Copy the lines below exactly. Start at the first and finish with the line containing "Gaziantep-Türkiye\'nin İlk Zooloji".

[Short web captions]
************
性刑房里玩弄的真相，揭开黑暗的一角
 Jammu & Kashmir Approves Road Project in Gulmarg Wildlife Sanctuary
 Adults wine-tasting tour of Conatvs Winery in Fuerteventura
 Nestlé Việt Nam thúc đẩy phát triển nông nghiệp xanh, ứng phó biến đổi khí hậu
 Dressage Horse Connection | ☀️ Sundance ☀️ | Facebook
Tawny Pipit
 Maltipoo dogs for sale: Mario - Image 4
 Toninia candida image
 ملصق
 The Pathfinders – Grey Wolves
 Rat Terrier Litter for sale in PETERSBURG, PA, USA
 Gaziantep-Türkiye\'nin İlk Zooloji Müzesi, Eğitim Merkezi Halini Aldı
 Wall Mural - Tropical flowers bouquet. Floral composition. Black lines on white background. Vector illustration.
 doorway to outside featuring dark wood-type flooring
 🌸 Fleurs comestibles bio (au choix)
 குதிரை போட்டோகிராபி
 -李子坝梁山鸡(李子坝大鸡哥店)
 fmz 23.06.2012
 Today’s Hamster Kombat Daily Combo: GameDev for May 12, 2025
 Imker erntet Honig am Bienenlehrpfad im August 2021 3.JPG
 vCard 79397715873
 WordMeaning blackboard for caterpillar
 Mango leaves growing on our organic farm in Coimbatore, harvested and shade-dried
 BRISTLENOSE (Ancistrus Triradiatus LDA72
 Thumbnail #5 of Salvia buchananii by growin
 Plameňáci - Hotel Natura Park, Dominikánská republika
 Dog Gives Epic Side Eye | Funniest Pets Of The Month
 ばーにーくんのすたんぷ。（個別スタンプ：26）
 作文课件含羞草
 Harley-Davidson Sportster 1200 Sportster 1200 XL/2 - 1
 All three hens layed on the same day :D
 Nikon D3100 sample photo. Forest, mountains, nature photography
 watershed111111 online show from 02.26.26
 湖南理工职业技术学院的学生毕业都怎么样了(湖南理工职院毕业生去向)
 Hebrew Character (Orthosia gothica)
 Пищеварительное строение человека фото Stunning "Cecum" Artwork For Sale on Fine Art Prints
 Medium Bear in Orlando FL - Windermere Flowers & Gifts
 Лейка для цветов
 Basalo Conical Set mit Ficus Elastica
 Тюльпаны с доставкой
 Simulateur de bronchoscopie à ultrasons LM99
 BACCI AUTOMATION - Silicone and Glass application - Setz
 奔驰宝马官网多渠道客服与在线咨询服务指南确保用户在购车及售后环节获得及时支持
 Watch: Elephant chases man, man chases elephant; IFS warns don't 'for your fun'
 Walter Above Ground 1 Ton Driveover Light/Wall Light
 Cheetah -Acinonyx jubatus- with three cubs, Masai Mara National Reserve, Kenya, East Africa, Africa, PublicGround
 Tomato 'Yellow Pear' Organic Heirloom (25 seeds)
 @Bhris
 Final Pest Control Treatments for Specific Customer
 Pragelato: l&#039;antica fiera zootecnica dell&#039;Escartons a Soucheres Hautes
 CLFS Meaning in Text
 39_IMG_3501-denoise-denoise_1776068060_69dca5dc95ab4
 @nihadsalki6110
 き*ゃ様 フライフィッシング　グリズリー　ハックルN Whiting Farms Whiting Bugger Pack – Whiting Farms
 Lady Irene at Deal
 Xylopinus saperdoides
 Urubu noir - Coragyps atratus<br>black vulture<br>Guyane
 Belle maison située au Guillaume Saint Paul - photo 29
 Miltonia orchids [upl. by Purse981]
************
The answer:
性刑房里玩弄的真相，揭开黑暗的一角
 Jammu & Kashmir Approves Road Project in Gulmarg Wildlife Sanctuary
 Adults wine-tasting tour of Conatvs Winery in Fuerteventura
 Nestlé Việt Nam thúc đẩy phát triển nông nghiệp xanh, ứng phó biến đổi khí hậu
 Dressage Horse Connection | ☀️ Sundance ☀️ | Facebook
Tawny Pipit
 Maltipoo dogs for sale: Mario - Image 4
 Toninia candida image
 ملصق
 The Pathfinders – Grey Wolves
 Rat Terrier Litter for sale in PETERSBURG, PA, USA
 Gaziantep-Türkiye\'nin İlk Zooloji Müzesi, Eğitim Merkezi Halini Aldı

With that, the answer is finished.